Acid Activation in Low-Carbon Binders: A Systematic Literature Review

Abstract

Geopolymers have emerged as an alternative binding material to Ordinary Portland Cement (OPC). Recently, there has been an increase in studies exploring the synthesis of these materials using acid activation rather than traditional alkaline activation. This approach offers benefits such as good strength at an early age, better thermal properties, and a chemical activator that emits less carbon to be produced. In addition, it provides resistance to efflorescence and leaching, which are common challenges associated with alkali-activated products.
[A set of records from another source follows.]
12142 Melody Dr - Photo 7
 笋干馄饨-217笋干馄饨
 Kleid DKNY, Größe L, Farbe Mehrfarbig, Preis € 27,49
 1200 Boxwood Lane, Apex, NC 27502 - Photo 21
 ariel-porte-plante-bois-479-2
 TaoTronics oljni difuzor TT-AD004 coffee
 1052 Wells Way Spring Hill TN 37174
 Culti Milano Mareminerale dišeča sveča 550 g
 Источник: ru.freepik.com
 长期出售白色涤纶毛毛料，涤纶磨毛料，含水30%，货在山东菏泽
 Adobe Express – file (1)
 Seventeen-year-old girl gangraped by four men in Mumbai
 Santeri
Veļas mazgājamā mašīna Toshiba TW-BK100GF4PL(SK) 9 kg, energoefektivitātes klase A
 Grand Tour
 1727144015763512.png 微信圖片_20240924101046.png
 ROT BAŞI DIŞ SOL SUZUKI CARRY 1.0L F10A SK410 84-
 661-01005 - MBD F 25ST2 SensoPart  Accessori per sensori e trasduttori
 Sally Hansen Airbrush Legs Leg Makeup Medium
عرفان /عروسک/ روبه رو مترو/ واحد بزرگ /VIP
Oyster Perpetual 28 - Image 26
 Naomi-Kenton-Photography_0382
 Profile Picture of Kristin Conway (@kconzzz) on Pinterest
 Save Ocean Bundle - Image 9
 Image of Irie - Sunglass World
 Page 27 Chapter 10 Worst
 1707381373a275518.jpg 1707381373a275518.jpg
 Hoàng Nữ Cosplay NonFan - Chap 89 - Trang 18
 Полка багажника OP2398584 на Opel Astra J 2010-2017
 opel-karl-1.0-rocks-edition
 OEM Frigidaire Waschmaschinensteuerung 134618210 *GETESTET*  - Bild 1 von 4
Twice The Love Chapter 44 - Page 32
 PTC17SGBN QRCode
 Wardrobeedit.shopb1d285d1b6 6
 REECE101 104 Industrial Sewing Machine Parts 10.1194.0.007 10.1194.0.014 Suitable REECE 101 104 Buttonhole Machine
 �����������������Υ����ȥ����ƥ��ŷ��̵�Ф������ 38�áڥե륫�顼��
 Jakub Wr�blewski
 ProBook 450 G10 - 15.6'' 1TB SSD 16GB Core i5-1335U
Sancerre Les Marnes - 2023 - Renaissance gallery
This work analyzed the scientific advances in acid activation in synthesizing an alternative binder to OPC. To this end, a systematic review of the last five years of scientific literature was carried out using the Systematic Review for Engineering and Experiments (SREE) method. The results show a notable increase in research focused on acid activation over the last few years. The acid activators were always phosphate solutions, mainly phosphoric acid. Metakaolin was the most tested precursor, followed by fly ash, and volcanic ash. The research requires improvements in the methodological quality, providing data on molar ratios (Al/P, Si/Al, and Si/P), Liquid/Solid mass ratio, activator solution molarity, and curing process, in addition to statistical treatment and comparison of results. There exists a paucity of diversity in the examined precursors, activators, and additives. Future research developments need to clarify the behavior of mechanical resistance over time, better curing process, water resistance, durability, and the role of iron, magnesium, and calcium silicates and/or oxides. The paper identifies the main research gaps in the area and functions as a database, guiding researchers in selecting raw materials, dosing methodology, and curing processes.